Hardware Support for Exposing More Parallelism at Compiler Time

Techniques such as loop unrolling, software pipelining, and trace scheduling can be used to increase the amount of parallelism available when the behavior of branches is fairly predictable at compile time.

Hardware Support for Exposing More Parallelism at Compiler Time

 

Techniques such as loop unrolling, software pipelining, and trace scheduling can be used to increase the amount of parallelism available when the behavior of branches is fairly predictable at compile time. When the behavior of branches is not well known, compiler techniques alone may not be able to uncover much ILP. In such cases, the control dependences may severely limit the amount of parallelism that can be exploited. Similarly, potential dependences between memory reference instructions could prevent code movement that would increase available ILP. This section introduces several techniques that can help overcome such limitations.

 

The first is an extension of the instruction set to include conditional or predicated instructions.
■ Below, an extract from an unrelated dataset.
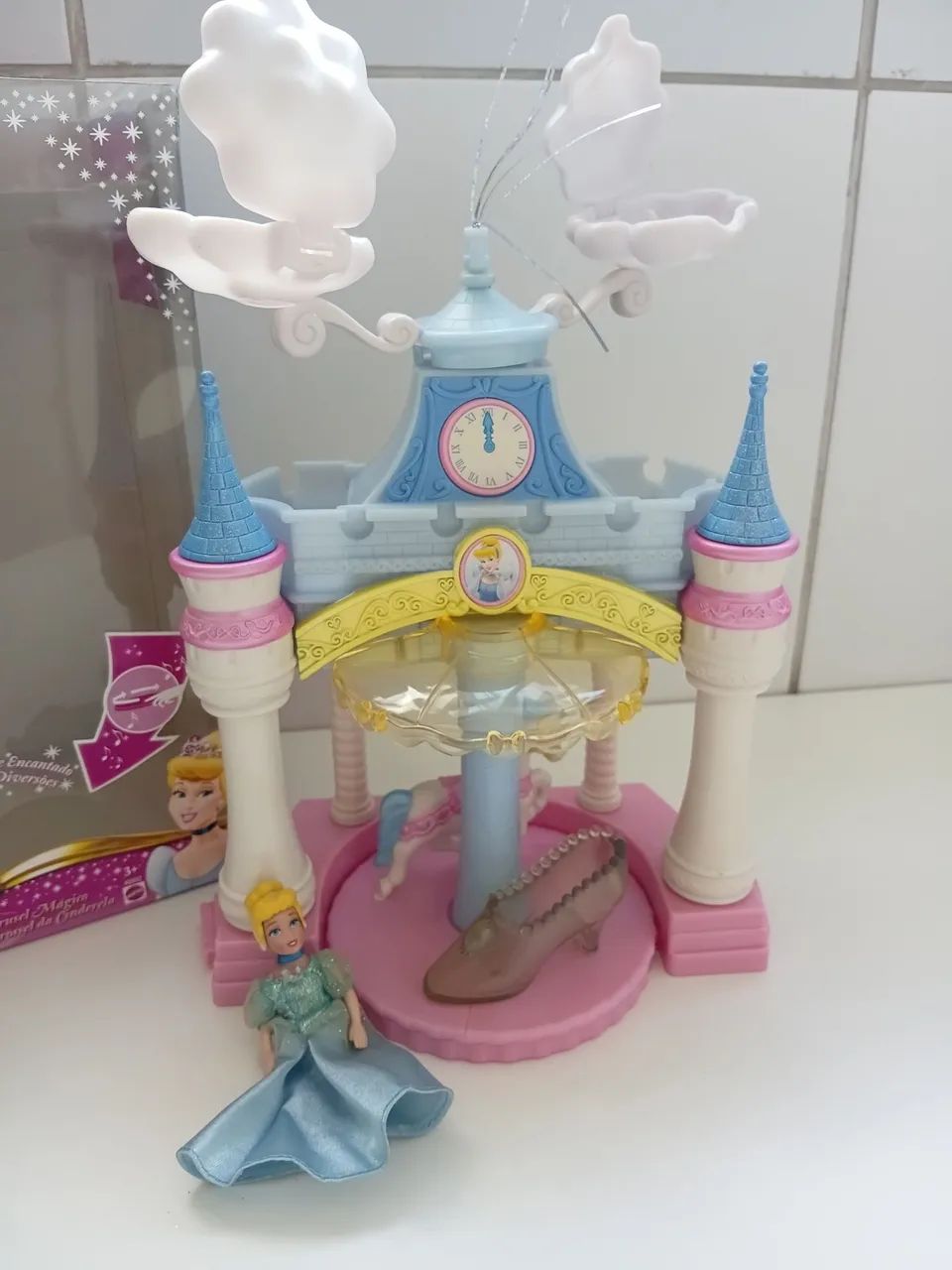 Carrossel da Cinderela Disney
Such instructions can be used to eliminate branches converting a control dependence into a data dependence and potentially improving performance.

 

Hardware speculation with in-order commit preserved exception behavior by detecting and raising exceptions only at commit time when the instruction was no longer speculative. To enhance the ability of the compiler to speculatively move code over branches, while still preserving the exception behavior, we consider several different methods, which either include explicit checks for exceptions or techniques to ensure that only those exceptions that should arise are generated.

 

Finally, the hardware speculation schemes provided support for reordering loads and stores, by checking for potential address conflicts at runtime. To allow the compiler to reorder loads and stores when it suspects they do not conflict, but cannot be absolutely certain, a mechanism for checking for such conflicts can be added to the hardware. This mechanism permits additional opportunities for memory reference speculation.

 

1. Conditional or Predicated Instructions

 

The concept behind conditional instructions is quite simple: An instruction refers to a condition, which is evaluated as part of the instruction execution. If the condition is true, the instruction is executed normally; if the condition is false, the execution continues as if the instruction was a no-op. The most common example of such an instruction is conditional move, which moves a value from one register to another if the condition is true. Such an instruction can be used to completely eliminate a branch in simple code sequences.

 

Consider the following code:

 

if (A==0) {S=T;}

 

Assuming that registers R1, R2, and R3 hold the values of A, S, and T, respectively,

 

The straightforward code using a branch for this statement is

 

BNEZ R1, L ADDU R2, R3, R0

 

L: Using a conditional move that performs the move only if the third operand is equal to zero, we can implement this statement in one instruction:

 

CMOVZ R2, R3, R1

 

The conditional instruction allows us to convert the control dependence present in the branch-based code sequence to data dependence. For a pipelined processor, this moves the place where the dependence must be resolved from near the front of the pipeline, where it is resolved for branches, to the end of the pipeline where the register write occurs.

 

One obvious use for conditional move is to implement the absolute value function: A = abs (B), which is implemented as if (B<0) {A = - B;) else {A=B;}. This if statement can be implemented as a pair of conditional moves, or as one unconditional move (A=B) and one conditional move (A= - B).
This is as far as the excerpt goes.